Boost for Irish exporters selling to UK as ‘safe haven’ sterling set to rise

City of London
City of London

Donal O’Donovan

The new year looks set to bring a boost to Irish exporters selling into the UK market thanks to the rising value of sterling.

The UK pound is predicted to strengthen further in the coming months on the back of an increasingly robust economic recovery there – with rising UK job numbers and house-price increases likely to see earlier than expected interest rate increases.

Sterling gained against the euro and all but two of its 16 major currency counterparts, and hit a two-month high against the dollar on Friday.

The UK is the single biggest market for Irish exports – including Northern Ireland, the sterling area accounted for €11.6bn of sales between January and September 2013, according to figures from the CSO.

It is around twice the value of sales to Germany, Europe's biggest economy.

Sales to the UK include higher levels of goods produced by indigenous and smaller companies here – including food and drink and other traditional, labour-intensive industries.

A stronger pound makes those Irish exports more competitive.
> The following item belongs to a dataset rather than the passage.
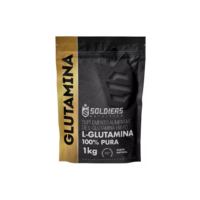 L-Glutamina 1kg 100% Pura Soldiers Nutrition Sachê Sem sabor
It should also make selling into the UK less risky for business that have to pay staff here in euro.

However, the trend could push up the cost of some goods and services here because

the UK remains Ireland's biggest source of imports – including much of the oil

and gas used in the country.

The vote of confidence in the pound is being backed by analysts at US banking giant Citigroup – who are predicting sterling as a “safe haven” currency for 2014.

Citigroup is forecasting the pound to rise to €1.25 against the euro by the end of next year, from the current level of €1.19. Sterling could hit $1.80 over the same period, they said.

“The UK economy is recovering faster than people expected, and we think that continues next year,” according to Citigroup's head of macro research Mark Schofield.

“France is flirting with recession and Europe has a lot of concerns over its growth outlook,” he said. 

 “We can understand the long position in sterling,” said Peter Rosenstreich, chief foreign-exchange analyst at Swissquote Bank in Zurich. A so-called “long position” is a bet that the currency will strengthen further.

“The UK economy may grow at a faster pace than forecast by policy makers. The prospect of Bank of England tightening getting pulled forward is increasing,” Mr Rosenstreich said.

The pound has gained 6.7pc in value over the past six months, the best performer of 10 developed-nation currencies tracked by Bloomberg's Correlation-Weighted Indexes. The euro appreciated 4pc, while the dollar declined 2.1pc. (Additional reporting Telegraph and Bloomberg).